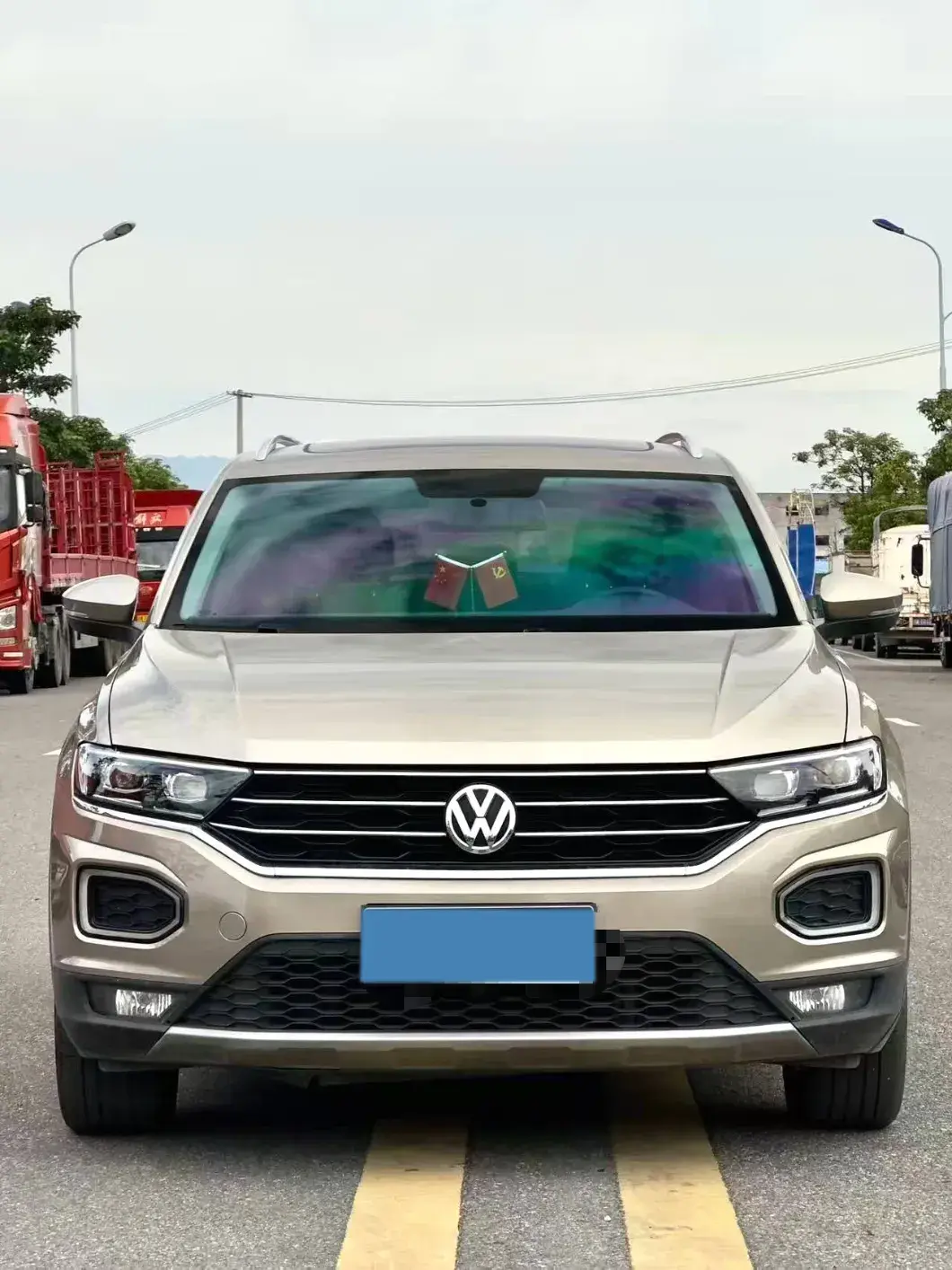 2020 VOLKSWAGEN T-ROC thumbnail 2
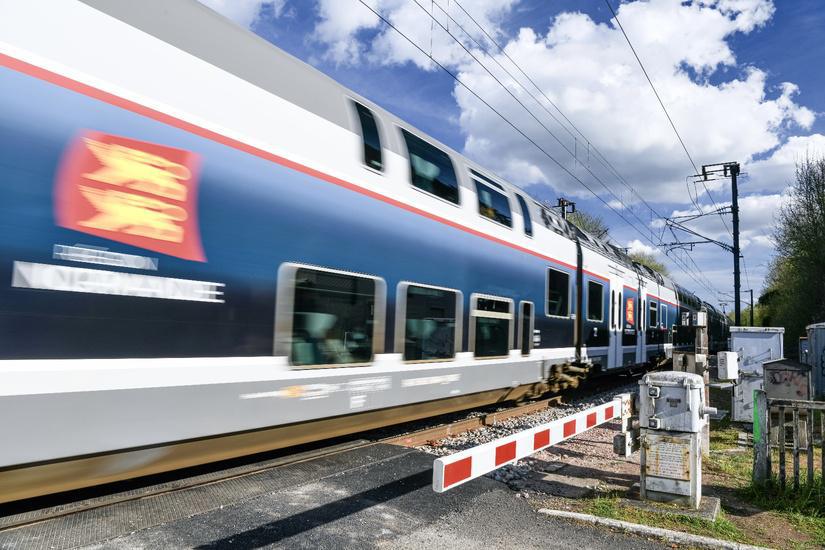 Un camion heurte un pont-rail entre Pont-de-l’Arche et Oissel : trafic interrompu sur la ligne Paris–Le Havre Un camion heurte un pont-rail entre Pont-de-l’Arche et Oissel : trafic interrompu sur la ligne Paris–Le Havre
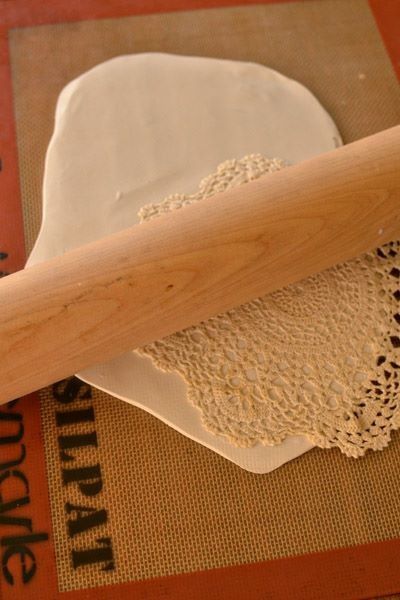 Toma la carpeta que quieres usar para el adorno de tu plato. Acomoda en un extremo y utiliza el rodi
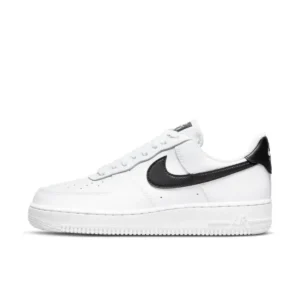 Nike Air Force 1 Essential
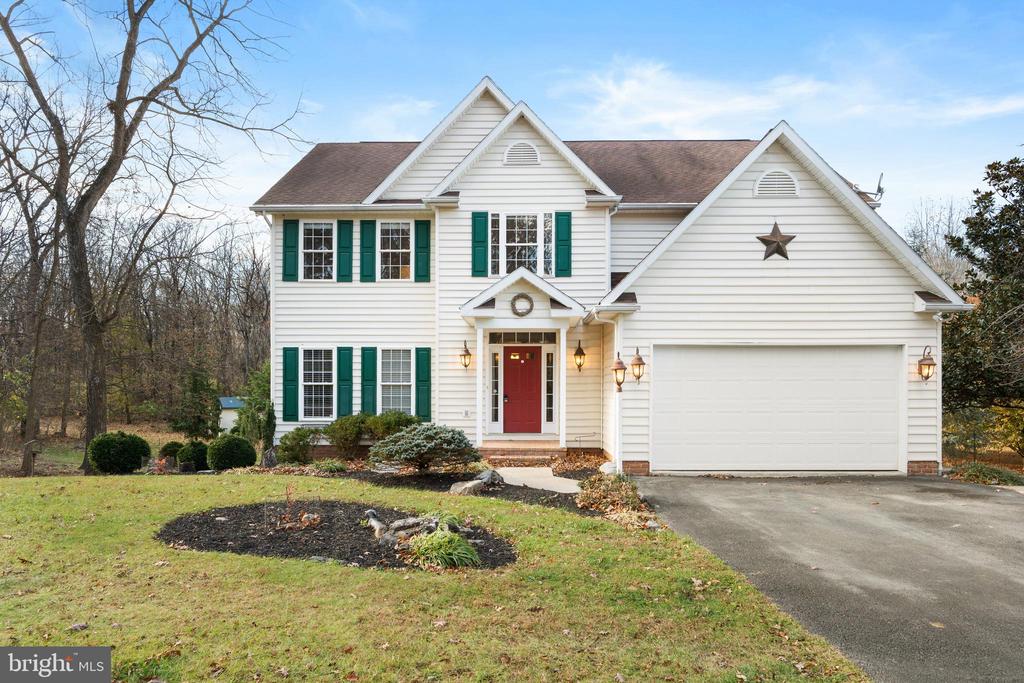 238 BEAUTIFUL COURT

▶ WHAT THE TASK ASKS
Be exact. Write out all the entries and omit the pictures.

▶ OUTPUT OF THE EXERCISE
 2020 VOLKSWAGEN T-ROC thumbnail 2
 Un camion heurte un pont-rail entre Pont-de-l’Arche et Oissel : trafic interrompu sur la ligne Paris–Le Havre Un camion heurte un pont-rail entre Pont-de-l’Arche et Oissel : trafic interrompu sur la ligne Paris–Le Havre
 Toma la carpeta que quieres usar para el adorno de tu plato. Acomoda en un extremo y utiliza el rodi
 Nike Air Force 1 Essential
 238 BEAUTIFUL COURT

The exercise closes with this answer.